Despite the “dieselgate” scandal the led to a sales slump in the US, Volkswagen has emerged as the world's top-selling car manufacturer. Volkswagen defied the trend of auto sales winding down as Toyota and General Motors reported fewer sales during the first quarter.

Compared to last year's data, Volkswagen reported an increase of 0.6 percent in sales at 3,361,600 units and are ahead of Toyota by 90,000 units. Meanwhile, Toyota sales are down by 2.8 percent from last year's figures at 3,271,970 cars old.
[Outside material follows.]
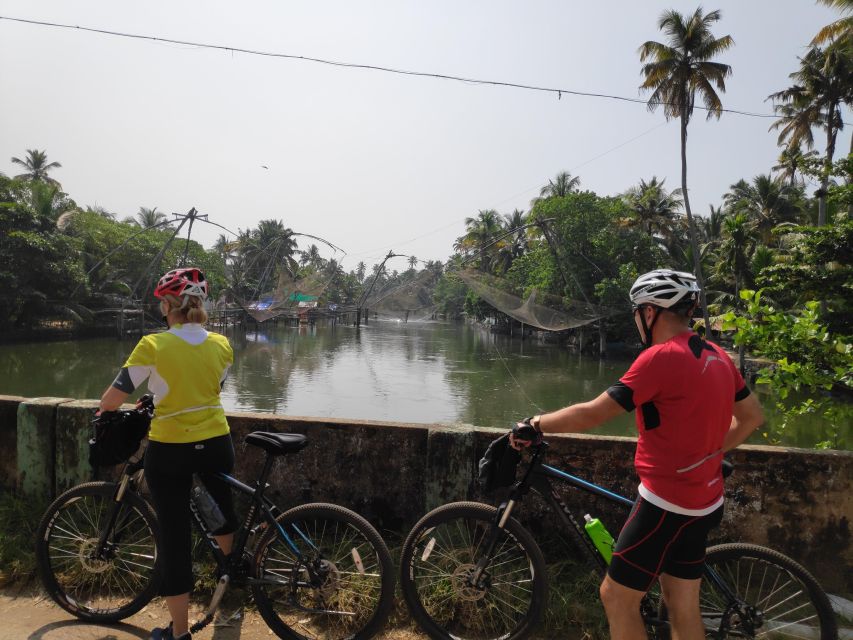 Kochi to Marari/ Kumarakom/ Alleppey eBike/Cycling Tour - Lunch that actually feels local: banana leaf comfort food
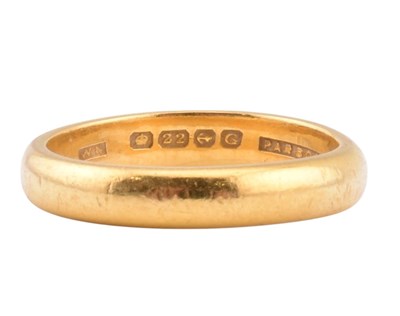 Lot 138 - HALLMARKED 22CT GOLD BAND RING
General Motors, with brands Buick, Cadillac, Chevrolet, GMC, Holden, Opel and Vauxhall, also reported sliding sales at 1.6 percent down from the first quarter of 2015 with an estimated sales figure of 3,146,667 this first quarter of 2016.

Volkswagen's rise to the top was aided by their two biggest markets, namely the European region and China. Sales in Europe were up this first quarter of 2015 while Volkswagen's Chinese sales rose to around 5 percent. The sales from Volkswagen's biggest market was enough to offset the 5.1 percent sales drop in the US Market. China accounts for one-third of Volkswagen's global sales.

Toyota's drop in sales meanwhile was attributed to the company's refusal to build new plants and the oversaturation of some key markets such as the US. Even though sales in its home market went up, it was not enough to compenate for the losses abroad. Its other brands, Lexus, Hino and recently acquired Daihatsu, were a mixed bag as well. The company reported that Hino sales went up 26 percent and Daihatsu sales are up by 2.5 percent in their home market but slowed down abroad. Lexus on the other hand dropped down to third in the US luxury car sales charts behind Mercedes-Benz and BMW.

With that said, Volkswagen is back on track of the goal they set last year. The company aims to be the world's biggest automaker by 2018 and are investing on electric vehicles and plans to further expand their lineup at the time of writing. Meanwhile, Toyota estimates that they will be able to shift 10.5 million cars this year, above Volkswagen's projected 10.05 million units by the end of the 2016 fiscal year.

Figures and estimates courtesy of the manufacturers.